By Chi Wai Chan, Product Development Solution Architect at Alibaba Cloud
The first part of the article series (Part A) is available here.
There are three parts to this series:
After reading Part A, you should have all of the components required (VPC, Kafka, HBase, and Spark virtual cluster) on Alibaba Cloud. Part B illustrates the building of the streaming processing solution on spark streaming with the serverless Data Lake Analytics (DLA) service for the "Feed Streams Processer" part. The source code from this demo is available here.
Alibaba Cloud's Data Lake Analytics (DLA) is an end-to-end, on-demand, serverless data lake analytics and computing service. It offers a cost-effective platform to run Extract-Transform-Load (ETL), machine learning, streaming, and interactive analytics workloads. DLA can be used with various data sources, such as Kafka, HBase, MongoDB, Object Storage Service (OSS), and many other relational and non-relational databases. For more information, please visit the Alibaba Cloud DLA product introduction page.
DLA's Serverless Spark is a data analytics and computing service that is developed based on the cloud-native, serverless architecture. To submit a Spark job, you can perform simple configurations after you activate DLA. When a Spark job is running, computing resources are dynamically assigned based on task loads. After the Spark job is completed, you are charged based on the resources consumed by the job. Serverless Spark helps you eliminate the workload for resource planning and cluster configurations. It is more cost-effective than the traditional mode. Serverless Spark uses the multi-tenant mode. The Spark process runs in an isolated and secure environment.
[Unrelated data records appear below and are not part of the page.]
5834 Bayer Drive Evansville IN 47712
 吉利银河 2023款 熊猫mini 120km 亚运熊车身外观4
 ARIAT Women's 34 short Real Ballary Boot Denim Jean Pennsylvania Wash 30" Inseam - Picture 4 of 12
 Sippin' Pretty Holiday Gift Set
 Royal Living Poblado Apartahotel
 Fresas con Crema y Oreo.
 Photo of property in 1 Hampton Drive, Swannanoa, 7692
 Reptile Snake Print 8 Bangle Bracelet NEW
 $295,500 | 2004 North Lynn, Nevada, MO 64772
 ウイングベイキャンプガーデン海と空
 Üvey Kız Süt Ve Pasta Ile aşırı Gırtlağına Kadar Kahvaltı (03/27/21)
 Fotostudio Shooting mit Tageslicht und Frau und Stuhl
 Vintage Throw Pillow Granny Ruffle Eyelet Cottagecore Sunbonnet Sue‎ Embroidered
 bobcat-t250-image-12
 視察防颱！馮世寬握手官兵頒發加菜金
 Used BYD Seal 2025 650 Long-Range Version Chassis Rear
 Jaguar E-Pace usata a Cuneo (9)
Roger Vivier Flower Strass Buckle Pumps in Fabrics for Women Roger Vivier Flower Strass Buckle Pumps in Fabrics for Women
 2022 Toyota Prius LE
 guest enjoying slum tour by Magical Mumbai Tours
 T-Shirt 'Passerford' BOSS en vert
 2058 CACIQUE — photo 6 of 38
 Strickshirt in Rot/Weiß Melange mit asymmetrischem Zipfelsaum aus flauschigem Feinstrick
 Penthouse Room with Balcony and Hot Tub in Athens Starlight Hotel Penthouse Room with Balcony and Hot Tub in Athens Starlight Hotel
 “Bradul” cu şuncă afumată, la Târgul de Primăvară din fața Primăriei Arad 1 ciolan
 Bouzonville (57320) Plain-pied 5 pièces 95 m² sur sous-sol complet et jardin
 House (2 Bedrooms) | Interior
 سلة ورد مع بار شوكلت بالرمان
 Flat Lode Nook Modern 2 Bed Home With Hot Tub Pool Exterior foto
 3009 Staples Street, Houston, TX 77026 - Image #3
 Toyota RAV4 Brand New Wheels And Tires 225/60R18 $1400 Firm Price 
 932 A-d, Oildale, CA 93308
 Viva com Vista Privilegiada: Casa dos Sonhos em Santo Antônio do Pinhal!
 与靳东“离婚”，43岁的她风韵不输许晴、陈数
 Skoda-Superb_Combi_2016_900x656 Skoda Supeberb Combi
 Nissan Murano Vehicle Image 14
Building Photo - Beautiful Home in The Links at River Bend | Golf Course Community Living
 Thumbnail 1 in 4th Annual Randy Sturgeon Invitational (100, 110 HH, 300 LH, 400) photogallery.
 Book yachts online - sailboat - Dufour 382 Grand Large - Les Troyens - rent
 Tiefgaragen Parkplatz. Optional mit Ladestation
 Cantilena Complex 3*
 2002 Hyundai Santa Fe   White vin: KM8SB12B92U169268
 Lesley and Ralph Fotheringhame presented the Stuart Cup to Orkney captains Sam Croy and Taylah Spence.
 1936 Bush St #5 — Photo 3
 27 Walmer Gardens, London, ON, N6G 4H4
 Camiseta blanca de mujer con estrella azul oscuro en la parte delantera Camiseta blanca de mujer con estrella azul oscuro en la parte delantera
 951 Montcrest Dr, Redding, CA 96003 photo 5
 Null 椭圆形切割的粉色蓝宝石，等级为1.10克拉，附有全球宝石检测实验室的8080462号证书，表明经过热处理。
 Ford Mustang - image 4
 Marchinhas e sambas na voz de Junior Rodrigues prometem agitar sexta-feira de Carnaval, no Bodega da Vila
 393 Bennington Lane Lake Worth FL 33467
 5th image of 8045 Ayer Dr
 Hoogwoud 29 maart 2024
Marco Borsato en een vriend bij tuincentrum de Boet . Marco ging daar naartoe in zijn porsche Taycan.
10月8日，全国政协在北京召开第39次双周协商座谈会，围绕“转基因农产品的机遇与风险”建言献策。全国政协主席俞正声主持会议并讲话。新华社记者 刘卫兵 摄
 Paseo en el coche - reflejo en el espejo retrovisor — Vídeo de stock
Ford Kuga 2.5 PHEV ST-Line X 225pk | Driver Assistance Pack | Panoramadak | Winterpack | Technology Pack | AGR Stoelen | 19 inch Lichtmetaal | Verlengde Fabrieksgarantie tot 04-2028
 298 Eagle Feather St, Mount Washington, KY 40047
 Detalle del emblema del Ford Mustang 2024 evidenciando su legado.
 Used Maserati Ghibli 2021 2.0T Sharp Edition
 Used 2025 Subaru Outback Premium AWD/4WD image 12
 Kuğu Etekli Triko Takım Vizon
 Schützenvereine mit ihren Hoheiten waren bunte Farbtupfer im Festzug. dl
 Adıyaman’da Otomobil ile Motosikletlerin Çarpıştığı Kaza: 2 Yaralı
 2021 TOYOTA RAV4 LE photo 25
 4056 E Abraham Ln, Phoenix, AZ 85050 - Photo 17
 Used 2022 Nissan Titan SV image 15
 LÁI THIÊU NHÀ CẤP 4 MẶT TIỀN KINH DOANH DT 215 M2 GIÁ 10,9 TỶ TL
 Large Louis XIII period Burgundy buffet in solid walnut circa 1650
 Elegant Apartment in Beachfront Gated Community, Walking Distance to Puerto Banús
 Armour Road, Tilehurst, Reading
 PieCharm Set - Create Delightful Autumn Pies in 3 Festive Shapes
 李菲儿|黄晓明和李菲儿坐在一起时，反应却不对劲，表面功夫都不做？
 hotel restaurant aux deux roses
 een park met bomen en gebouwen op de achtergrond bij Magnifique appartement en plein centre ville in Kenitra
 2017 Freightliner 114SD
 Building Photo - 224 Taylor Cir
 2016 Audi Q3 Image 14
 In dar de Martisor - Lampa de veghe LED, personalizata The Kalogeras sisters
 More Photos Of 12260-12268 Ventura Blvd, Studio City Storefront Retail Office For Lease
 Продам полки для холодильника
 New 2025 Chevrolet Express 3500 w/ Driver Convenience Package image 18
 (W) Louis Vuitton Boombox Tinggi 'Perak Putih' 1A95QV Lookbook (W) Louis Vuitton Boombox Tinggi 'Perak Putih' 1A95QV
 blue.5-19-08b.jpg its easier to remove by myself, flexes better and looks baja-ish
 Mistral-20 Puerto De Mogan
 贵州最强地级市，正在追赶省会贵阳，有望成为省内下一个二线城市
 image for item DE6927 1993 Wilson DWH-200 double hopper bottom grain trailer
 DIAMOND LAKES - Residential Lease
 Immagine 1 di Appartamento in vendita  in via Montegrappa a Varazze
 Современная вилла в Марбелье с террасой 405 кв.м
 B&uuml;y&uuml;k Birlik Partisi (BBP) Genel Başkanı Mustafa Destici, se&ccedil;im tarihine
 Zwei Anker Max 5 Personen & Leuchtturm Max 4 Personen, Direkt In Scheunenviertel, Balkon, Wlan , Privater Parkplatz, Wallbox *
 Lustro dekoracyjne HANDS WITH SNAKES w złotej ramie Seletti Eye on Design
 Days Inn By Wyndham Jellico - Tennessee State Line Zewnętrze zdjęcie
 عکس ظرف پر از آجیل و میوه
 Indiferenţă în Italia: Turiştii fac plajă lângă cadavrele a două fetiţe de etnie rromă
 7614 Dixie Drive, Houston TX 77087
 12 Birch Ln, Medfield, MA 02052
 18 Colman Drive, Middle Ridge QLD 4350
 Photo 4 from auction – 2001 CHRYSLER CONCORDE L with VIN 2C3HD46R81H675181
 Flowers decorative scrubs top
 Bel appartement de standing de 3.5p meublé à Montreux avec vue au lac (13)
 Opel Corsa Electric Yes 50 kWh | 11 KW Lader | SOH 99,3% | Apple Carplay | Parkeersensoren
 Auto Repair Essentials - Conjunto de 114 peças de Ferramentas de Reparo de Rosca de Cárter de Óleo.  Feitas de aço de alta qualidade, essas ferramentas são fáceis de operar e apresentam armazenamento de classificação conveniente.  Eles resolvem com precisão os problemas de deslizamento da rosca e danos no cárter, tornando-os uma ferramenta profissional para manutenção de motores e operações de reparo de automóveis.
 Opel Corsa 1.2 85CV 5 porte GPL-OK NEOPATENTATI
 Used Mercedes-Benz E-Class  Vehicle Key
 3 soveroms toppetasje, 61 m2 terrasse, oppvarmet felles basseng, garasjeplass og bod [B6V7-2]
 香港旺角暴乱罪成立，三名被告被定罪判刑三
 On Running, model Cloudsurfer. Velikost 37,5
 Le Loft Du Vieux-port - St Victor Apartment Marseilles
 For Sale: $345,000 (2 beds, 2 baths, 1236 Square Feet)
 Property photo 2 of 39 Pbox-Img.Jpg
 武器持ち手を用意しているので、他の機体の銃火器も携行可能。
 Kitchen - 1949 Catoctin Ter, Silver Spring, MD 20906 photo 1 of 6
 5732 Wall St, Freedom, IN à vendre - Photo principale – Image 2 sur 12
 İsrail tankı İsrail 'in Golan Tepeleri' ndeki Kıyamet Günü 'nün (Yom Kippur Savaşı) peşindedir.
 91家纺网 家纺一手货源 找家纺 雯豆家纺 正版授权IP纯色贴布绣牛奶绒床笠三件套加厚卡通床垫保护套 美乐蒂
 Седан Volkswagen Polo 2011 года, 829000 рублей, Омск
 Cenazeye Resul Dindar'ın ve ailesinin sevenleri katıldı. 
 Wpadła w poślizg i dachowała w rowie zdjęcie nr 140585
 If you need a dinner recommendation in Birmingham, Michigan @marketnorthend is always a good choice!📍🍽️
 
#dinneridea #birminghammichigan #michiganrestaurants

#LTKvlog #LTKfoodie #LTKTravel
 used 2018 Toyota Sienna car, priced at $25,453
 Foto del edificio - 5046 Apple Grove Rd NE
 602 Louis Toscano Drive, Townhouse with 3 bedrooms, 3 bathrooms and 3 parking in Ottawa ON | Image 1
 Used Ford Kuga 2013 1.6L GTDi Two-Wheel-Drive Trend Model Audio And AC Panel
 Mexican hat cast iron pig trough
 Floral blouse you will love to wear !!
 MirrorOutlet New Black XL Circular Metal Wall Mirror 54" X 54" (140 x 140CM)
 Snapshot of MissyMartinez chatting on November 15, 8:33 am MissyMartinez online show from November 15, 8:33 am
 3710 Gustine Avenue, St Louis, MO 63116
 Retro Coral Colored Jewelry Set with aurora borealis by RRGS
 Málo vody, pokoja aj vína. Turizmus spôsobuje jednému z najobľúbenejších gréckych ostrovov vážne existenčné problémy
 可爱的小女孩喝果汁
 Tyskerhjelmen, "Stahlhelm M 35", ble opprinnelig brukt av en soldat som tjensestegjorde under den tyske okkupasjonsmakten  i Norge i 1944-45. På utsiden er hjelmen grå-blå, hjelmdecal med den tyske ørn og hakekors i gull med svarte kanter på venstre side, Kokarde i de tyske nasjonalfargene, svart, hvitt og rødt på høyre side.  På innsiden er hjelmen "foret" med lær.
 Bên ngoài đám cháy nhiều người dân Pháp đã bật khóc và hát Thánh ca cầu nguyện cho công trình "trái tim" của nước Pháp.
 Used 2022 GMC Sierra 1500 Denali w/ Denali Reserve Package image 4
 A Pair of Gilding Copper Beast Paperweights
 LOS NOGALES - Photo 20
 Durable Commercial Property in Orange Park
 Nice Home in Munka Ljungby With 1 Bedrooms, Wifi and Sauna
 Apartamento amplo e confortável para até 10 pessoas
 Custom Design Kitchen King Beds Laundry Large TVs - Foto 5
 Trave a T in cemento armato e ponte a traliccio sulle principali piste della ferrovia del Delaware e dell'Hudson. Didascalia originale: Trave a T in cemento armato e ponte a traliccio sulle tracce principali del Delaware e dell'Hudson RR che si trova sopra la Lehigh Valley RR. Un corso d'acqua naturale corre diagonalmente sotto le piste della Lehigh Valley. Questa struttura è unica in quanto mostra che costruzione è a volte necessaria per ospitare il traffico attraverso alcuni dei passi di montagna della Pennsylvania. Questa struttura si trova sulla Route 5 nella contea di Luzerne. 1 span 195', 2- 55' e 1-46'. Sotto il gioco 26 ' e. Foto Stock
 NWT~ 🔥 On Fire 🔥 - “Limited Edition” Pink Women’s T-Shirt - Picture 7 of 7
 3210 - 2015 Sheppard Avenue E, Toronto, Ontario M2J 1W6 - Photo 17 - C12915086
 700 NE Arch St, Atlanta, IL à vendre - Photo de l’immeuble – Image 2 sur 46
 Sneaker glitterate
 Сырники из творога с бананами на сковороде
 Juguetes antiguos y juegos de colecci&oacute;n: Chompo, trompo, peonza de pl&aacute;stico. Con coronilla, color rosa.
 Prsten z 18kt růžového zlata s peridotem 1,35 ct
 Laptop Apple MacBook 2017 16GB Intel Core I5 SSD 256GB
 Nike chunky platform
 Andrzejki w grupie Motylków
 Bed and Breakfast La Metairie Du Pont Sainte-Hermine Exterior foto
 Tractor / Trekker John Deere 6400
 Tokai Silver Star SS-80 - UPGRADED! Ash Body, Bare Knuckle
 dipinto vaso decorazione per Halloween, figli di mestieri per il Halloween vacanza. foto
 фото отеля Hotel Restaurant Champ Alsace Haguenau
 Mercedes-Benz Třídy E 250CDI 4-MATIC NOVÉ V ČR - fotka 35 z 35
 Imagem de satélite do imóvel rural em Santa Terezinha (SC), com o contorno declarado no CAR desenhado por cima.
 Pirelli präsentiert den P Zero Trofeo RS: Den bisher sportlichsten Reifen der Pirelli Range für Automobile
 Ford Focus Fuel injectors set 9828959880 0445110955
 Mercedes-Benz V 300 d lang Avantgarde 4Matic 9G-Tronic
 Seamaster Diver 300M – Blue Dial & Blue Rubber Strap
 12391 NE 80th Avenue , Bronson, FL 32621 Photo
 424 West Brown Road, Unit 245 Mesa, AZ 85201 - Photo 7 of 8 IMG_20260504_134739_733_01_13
A virtual cluster is a secure unit for resource isolation. A virtual cluster does not have fixed computing resources. Therefore, you only need to allocate the resource quota based on your business requirements and configure the network environment to where the destination data that you want to access belongs. You do not need to configure or maintain computing nodes. You can also configure parameters for Spark jobs of a virtual cluster. This facilitates unified management of Spark jobs. A Compute Unit (CU) is the measurement unit of Serverless Spark. One CU equals one vCPU and 4 GB of memory. After a Spark job is completed, you are charged based on the CUs that are consumed by the Spark job and the duration for running the Spark job. The pay-as-you-go billing method is used. The computing hours are used as the unit for billing. If you use one CU for an hour, the resources consumed by a job are the sum of resources consumed by each computing unit.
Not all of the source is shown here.